Unlike Peru and Ecuador Columbia has both Pacific and Caribbean coast-lines and along the latter the Spanish colonial city of Cartagena, the port of Barranquilla and the banana town of Santa Marta were founded early. Yet football came late, two decades and more after countries further south, and the reason seems simple. Unlike even neighbouring Venezuela there were no Scots, at least not at the right time and when they came it was not for long enough.  Although the Fergusons were a prominent merchant family in Barranquilla they had arrived in the 1850s and from Jamaica not directly from the Auld country.  And railways came to Columbia early too but were never extensive.
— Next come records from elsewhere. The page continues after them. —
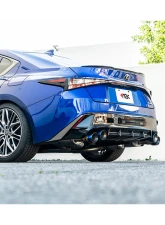 ARK Performance Grip Exhaust System with Burnt Tips for Lexus IS500 2022+                                     - SM1505-0222G - Image 6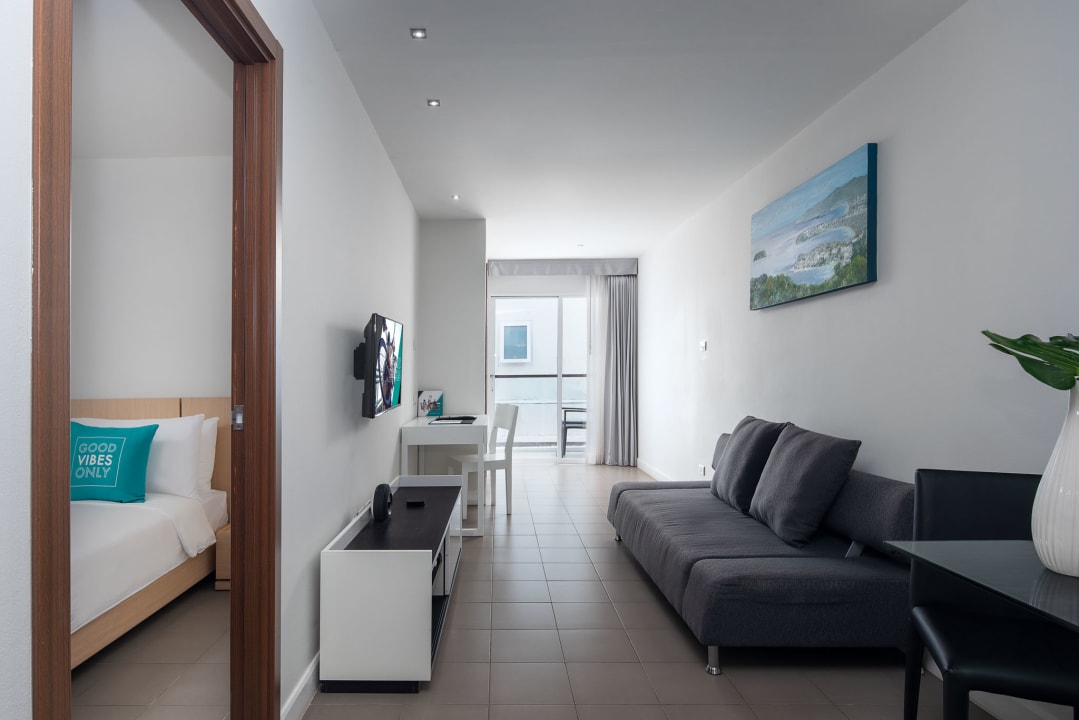 Zimmer The Nap Patong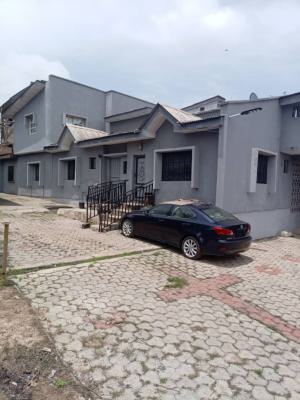 5 Bedroom Duplex with 3 Units Room and Parlour Self Contain, Tyre Bus Stop, Airport, Alakia, Ibadan, Oyo, Detached Duplex for Sale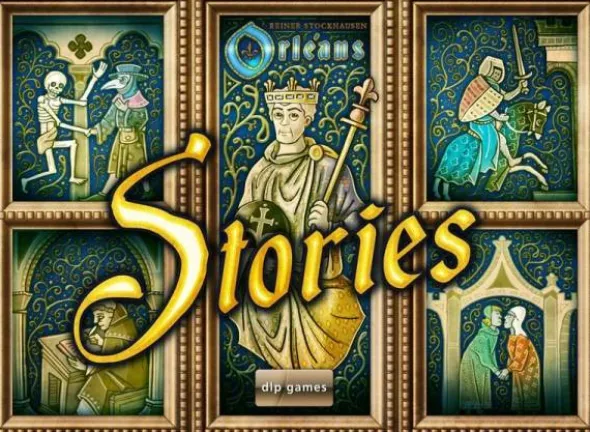 Orléans Stories (deutsch)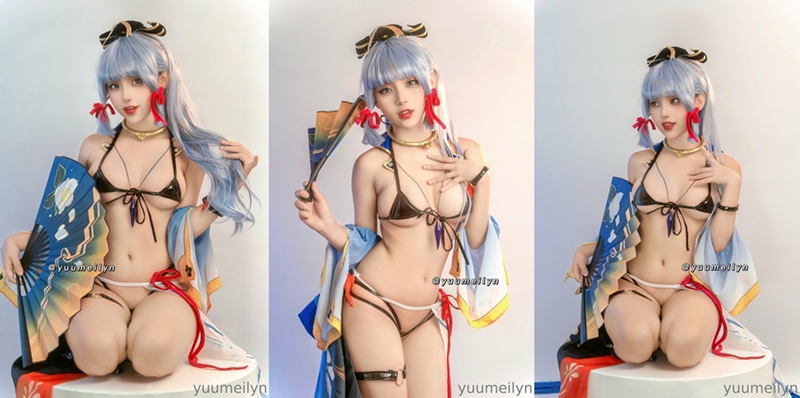 Yuumeilyn – Ayaka [41P]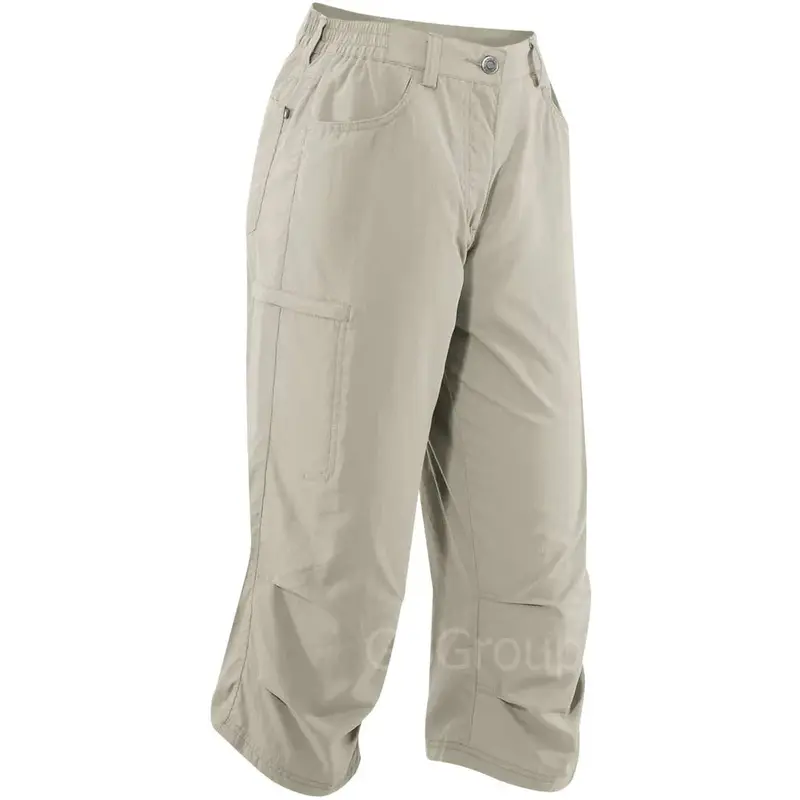 Vaude Womens Boya 3/4 Pants-5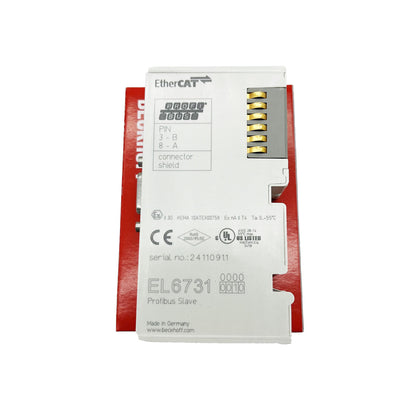 Beckhoff EL6731-0010 PLC Module - BECKHOFF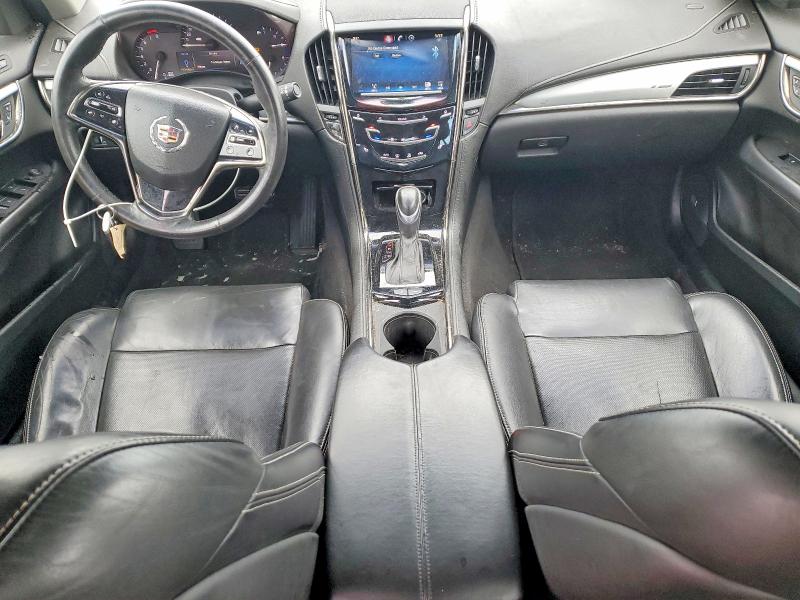 Продажа на аукционе авто 2013 Cadillac Ats, vin: 1G6AB5RA4D0112977, номер лота: 75448935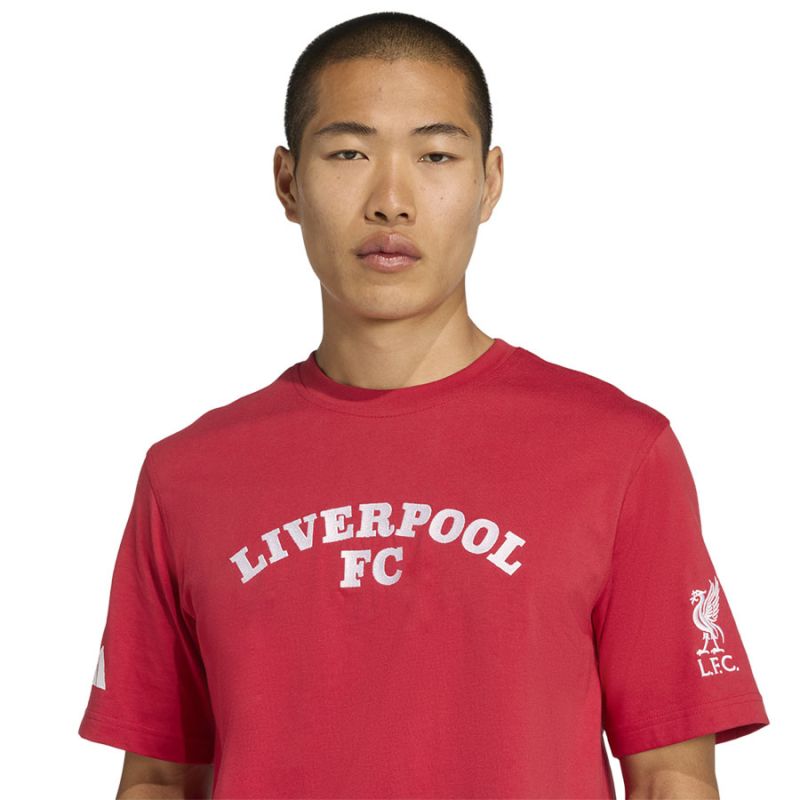 adidas Liverpool FC Tee JW5487 Ruházat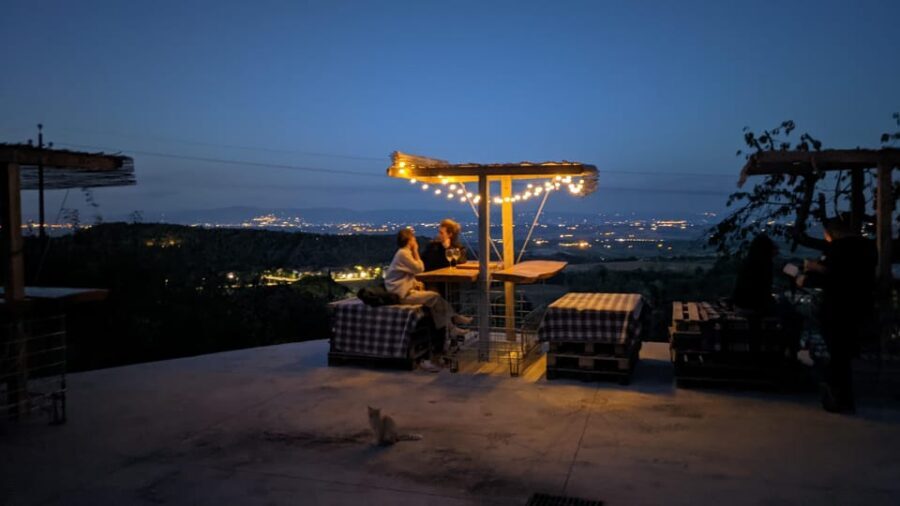 Montepulciano: Artisan Heroic Wine Tasting at the Terrace - Key highlights worth your time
The Magdalena River that reaches the sea at Barranquilla was the highway into the interior. The first, short railway line from Barranquilla to Puerto Colombia, a distance of little more than 15 kilometres was finished by the 1880s before football had taken hold even in Britain. 

There is mention of football being played on the beach in Santa Marta, then more formally again in and around Barranquilla in about 1903-4 and by Britons working on the railway.  There are names, Henry L. H. Hutton, William Mathews, Joseph Clark, J. L. Jamesmith, R. W. Hutton, Harry L. Tyror, Arthur Snowden, George Pycross, Leo Hothersoll, Ed Stapleton and Geo Hughes, a mixture of Scots, English and Welsh. And some would remain in the country, Snowden a Mill Manager in Santa Marta. Hethers(h)all and engineer also from Santa Marta, Harry Tyrer, who was perhaps sixteen at the time,.  

However for most their stay may have been short-lived, a matter of a few repairs after the end of the Thousand Day War, a civil war in theory but one which seems largely to have been engineered by the United States.  Panama was the northernmost province of Columbia. An independent Panama made the building of the canal through it a good deal easier, for America at least. The war end in November. Panama gained its independence in 1903. It was all very neat.

And as for football. In 1908 it arrived in the north of the country once more in Barranquilla, brought by Colombians, notably Arturo de Castro returning from an education in Europe, de Castro in England, and with the foundation of Barranquilla F.C..  And in the south in Pasto in 1909 it was introduced by Leslie Oswald Spain, a London-born importer of Panama hats, who set up a factory in the city, imported kit from Britain and literally got the ball rolling.